In the past two years, 10 tons of the deadly drug fentanyl – by and large manufactured in China – has been seized at the U.S. border with Mexico. It’s likely a fraction of the true amount of the drug making it into the country.

“We know fentanyl is in our neighborhoods because it is killing Americans at record rates – over 150 people per day. This is the deadliest drug our nation has ever seen,” the senators say in the video.

The senators caution parents to:

  • only let kids get candy from trusted neighbors, family and friends;
  • set a curfew for trick-or-treaters;
  • always double- and triple-check their candy for drugs or suspiciously packaged or unpackaged items;
  • and remind kids to trick-or-treat in groups, and to check in with parents periodically.

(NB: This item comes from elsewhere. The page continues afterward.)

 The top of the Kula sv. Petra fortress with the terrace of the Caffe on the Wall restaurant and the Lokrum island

Left-wing media outlets amazingly criticized the GOP public service announcement designed to safeguard children. “Republicans Are Spreading a Bogus ‘Rainbow Fentanyl’ Panic Ahead of the Midterms,” read a headline in The New Republic.

“No Treats, Only Tricks: Republicans Try to Ruin Halloween With Fake Rainbow Fentanyl Threat,” read a Rolling Stone headline, dutifully  parroted by Yahoo News.

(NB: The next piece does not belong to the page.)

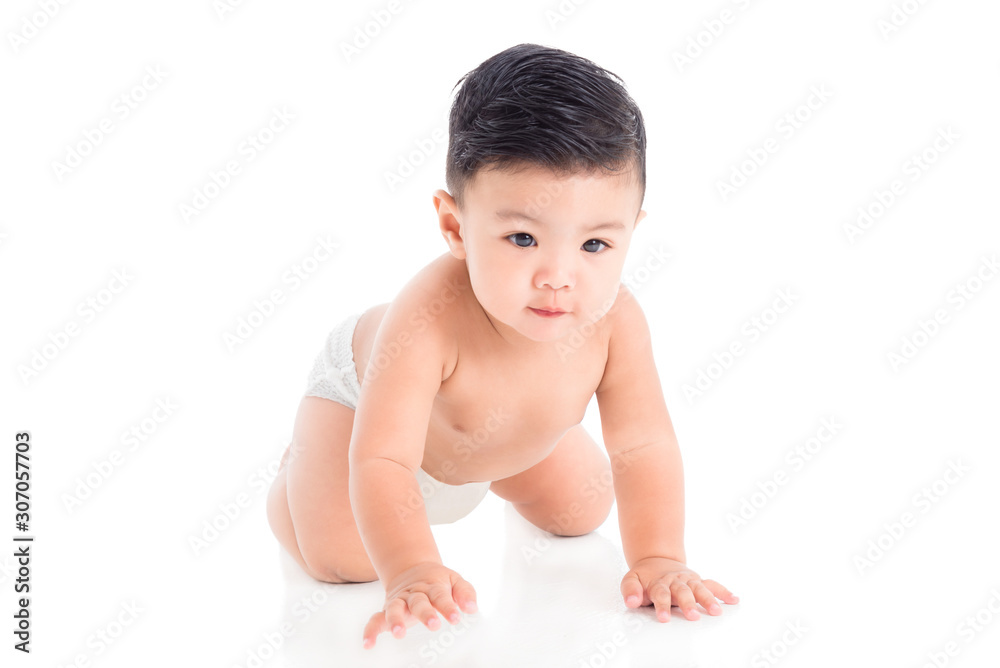 Little asian male toddler wearing diaper crawling on the floor over white background Little asian male toddler wearing diaper crawling on the floor over white background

“That’s ridiculous,” says Missouri state Sen. Holly Rehder, who guesses the media don’t believe and won’t report on the depth of the fentanyl crisis because the drug flows over a border that their Democrat friends in Washington, D.C. have pried wide open.

“It’s coming across the border. Maybe that’s why they’re having trouble acknowledging it,” Rehder says. “But it’s fact, and we have kids dying. We have people dying because of this, so we need to throw the party politics to the side and help.”

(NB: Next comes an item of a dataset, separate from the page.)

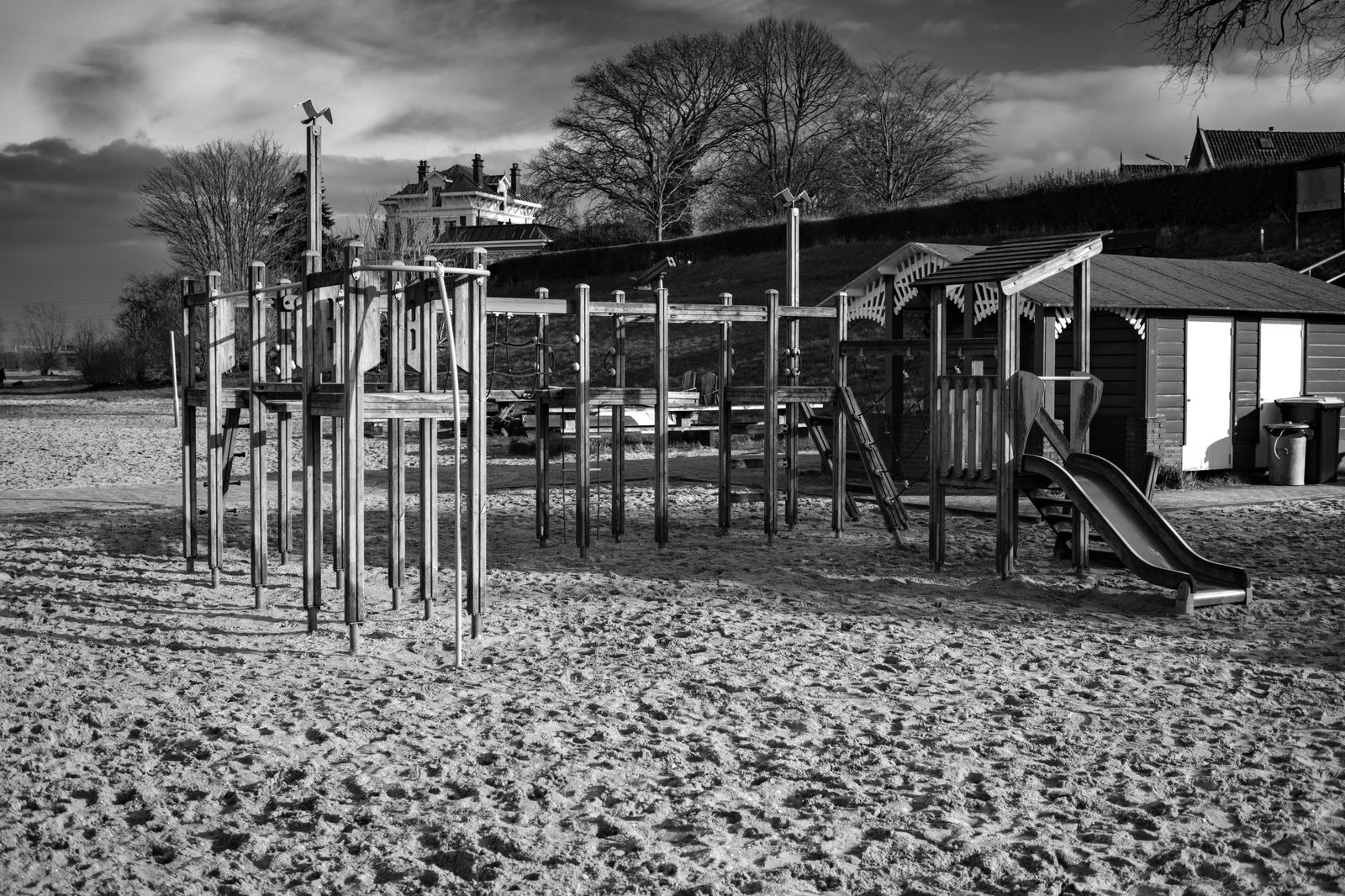 Children playing in a waterfront park playground near a small beach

The Republican senators’ warning is “absolutely necessary,” Rehder says, adding that her friend’s nephew died from a substance laced with fentanyl, and that her district in southeast Missouri has seen several deaths from it in the past six months alone. “I plan to engage my social media as well [regarding] fentanyl.

“You know, one pill can kill, and that’s what they’re saying in the PSA. It’s absolutely true. Even touching fentanyl can be lethal. That’s why you see officers go in with gloves and different things. It’s incredibly potent, and it’s incredibly dangerous.”